Per molto tempo ignorata e ‘snobbata’ dagli studiosi, tanto da essere allontanata all’inizio del Novecento dalle raccolte di Palazzo Pitti e consegnata in deposito esterno, prima alla Prefettura di Pistoia, poi a Firenze alla caserma Baldissera per arredarne le sedi istituzionali, torna visibile nella sala di Berenice all’interno della Galleria Palatina a Firenze, la copia coeva del capolavoro di Caravaggio esposto alla National Gallery of Ireland di Dublino ‘La cattura di Cristo’. L’opera restaurata è diventata anche protagonista di un libro, curato da Gianni Papi e Maria Sframeli (Sillabe), che ne ricostruisce la storia e racconta i dettagli del suo recupero.
La tela originale, spiegano le Gallerie degli Uffizi, fu eseguita dal Merisi nel 1602 per il nobile romano Ciriaco Mattei: a lungo considerata perduta, in anni recenti è stata riconosciuta da molti nel dipinto oggi esposto alla National Gallery of Ireland. La copia tornata ora a Pitti fu realizzata con tecnica sopraffina da un ignoto contemporaneo del maestro: ora, restaurata e sottoposta a studi di esperti e storici dell’arte, riemerge dall’oblio.

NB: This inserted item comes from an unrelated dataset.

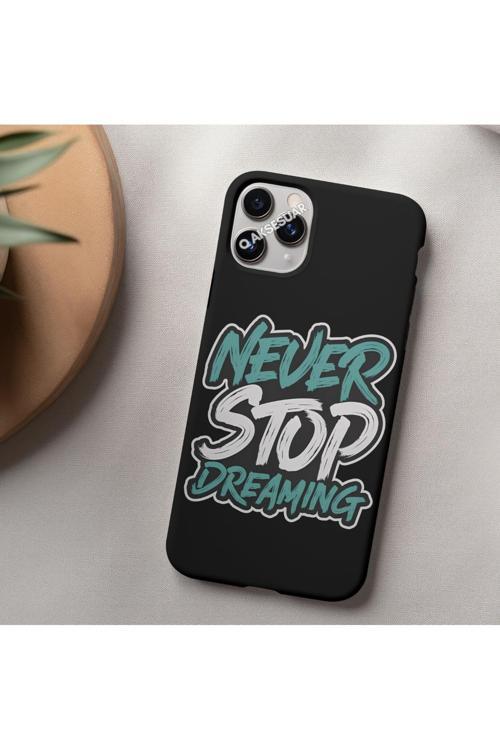 Xiaomi Redmi Note 13 Pro Uyumlu Tasarım Telefon Kılıfı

Dalle ricerche è stato possibile accertarne la provenienza dal castello lorenese di Commercy da cui, ha svelato la lettura degli inventari, arrivarono molti altri quadri ad arricchire le collezioni granducali fiorentine, primo fra tutti uno dei capolavori di Rubens, ‘I quattro filosofi’ (esposto nella Galleria Palatina) la cui origine era rimasta finora nell’ombra.
“Una nuova prova della grande generosità e del grande amore per Firenze degli Asburgo-Lorena – spiega il direttore delle Gallerie degli Uffizi Eike Schmidt – i quali, sia con il trasferimento a Firenze di loro opere di assoluto rilievo dalle loro residenze e anche dalla capitale, Vienna, sia attraverso successive campagne di acquisti d’arte, talvolta di intere raccolte nobiliari, incrementarono il valore degli Uffizi e di Palazzo Pitti in maniera rilevante”.